GET THE APP

International Research Journals

International Research Journal of Biochemistry and Bioinformatics

All submissions of the EM system will be redirected to Online Manuscript Submission System. Authors are requested to submit articles directly to Online Manuscript Submission System of respective journal.

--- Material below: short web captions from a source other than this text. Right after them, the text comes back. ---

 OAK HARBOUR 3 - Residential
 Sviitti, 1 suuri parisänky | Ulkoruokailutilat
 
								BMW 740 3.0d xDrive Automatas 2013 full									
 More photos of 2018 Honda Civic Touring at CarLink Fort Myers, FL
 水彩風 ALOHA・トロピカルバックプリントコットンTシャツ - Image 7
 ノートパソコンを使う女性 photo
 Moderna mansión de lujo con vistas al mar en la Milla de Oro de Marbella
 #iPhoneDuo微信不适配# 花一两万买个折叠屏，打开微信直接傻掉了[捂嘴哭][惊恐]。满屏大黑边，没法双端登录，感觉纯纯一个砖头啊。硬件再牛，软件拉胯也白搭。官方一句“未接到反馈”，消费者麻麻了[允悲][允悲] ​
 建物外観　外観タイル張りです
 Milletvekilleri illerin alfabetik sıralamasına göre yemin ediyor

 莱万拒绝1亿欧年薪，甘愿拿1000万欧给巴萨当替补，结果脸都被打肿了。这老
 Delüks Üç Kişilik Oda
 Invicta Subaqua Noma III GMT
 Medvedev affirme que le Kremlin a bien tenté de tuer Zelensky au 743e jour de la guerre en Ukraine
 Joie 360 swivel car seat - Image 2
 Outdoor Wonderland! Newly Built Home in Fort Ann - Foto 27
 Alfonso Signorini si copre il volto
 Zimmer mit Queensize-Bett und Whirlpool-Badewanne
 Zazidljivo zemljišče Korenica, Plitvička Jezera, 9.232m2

Review Article - International Research Journal of Biochemistry and Bioinformatics ( 2022) Volume 12, Issue 6

GlycoEnzOnto is ontology for glycoenzyme pathways and molecular functions.

Bella Edward*
 
Department of Biochemistry, Molecular and Cellular Biology, USA
 
*Corresponding Author:
Bella Edward, Department of Biochemistry, Molecular and Cellular Biology, USA, Email: edwardbella@rediff.com

Received: 02-Dec-2022, Manuscript No. IRJBB-22-84550; Editor assigned: 05-Dec-2022, Pre QC No. IRJBB-22-84550 (PQ); Reviewed: 19-Dec-2022, QC No. IRJBB-22-84550; Revised: 24-Dec-2022, Manuscript No. IRJBB-22-84550 (R); Published: 31-Dec-2022, DOI: 10.14303/2250-9941.2022.39

Abstract

The development of glycoproteomics techniques and technologies has made significant strides in recent years, which has led to a steady growth in the reported proteins, their associated glycans, and their glycosylation sites. However, relatively few of these reports end up in databases or other data storage systems. One of the main causes is the lack of a digital standard for representing glycoproteins and the difficult glycan annotations. Such a standard must be able to store not only single glycans but also glycoforms on a specific glycosylation site, deal with partially missing site information if no site mapping was done, and store abundances or ratios of glycans within a glycoform of a specific site, depending on the experimental method (Tsankova 2006). We created the GlycoConjugate Ontology (GlycoCoO) as a common semantic framework to characterise and represent glycoproteomics data in order to enable the aforementioned. GlycoCoO may be used as the foundation for data sharing formats and to encode glycoproteomics data in triplestores.

Keywords

Glycoconjugate, Glycolipid, Glycoprotein, Ontology

INTRODUCTION

Glycobiology is the study of saccharides, which are found abundantly throughout nature and are also known as carbohydrates, sugar chains, or glycans. Given that glycobiology includes some of the most significant posttranslational modifications of proteins, it is important to comprehend how the relatively few genes in a typical genome can result in the enormous biological complexity necessary for the development, growth, and function of a variety of organisms. In the building of complex multicellular organs and animals, which needs interactions between cells and the surrounding matrix, the biological functions of carbohydrates are particularly apparent (Lubin 2008). Every cell and countless macromolecules in nature have a variety of covalently linked glycans; there is no known exception (albeit glycans can also be freestanding entities). In order to regulate or mediate a variety of events in cell-cell, cell-matrix, and cell-molecule interactions crucial to the development and function of a complex multicellular organism, such as cellular activation, embryonic development, differentiation, and malignancy, glycoproteins are frequently found on the cell membrane or secreted (Lubin et al., 2008). As an example, they can moderate interactions between a host and a parasite, disease, or symbiont. To increase our understanding of biological systems, it is crucial to comprehend the functions of glycans, variations in glycoforms/abundance of glycans, and site-occupancy. Glycobiologists now have a greater understanding of the roles that glycoproteins play because to advancements in bioinformatics tools and databases, including data standards and interoperability (Jakobsson 2008).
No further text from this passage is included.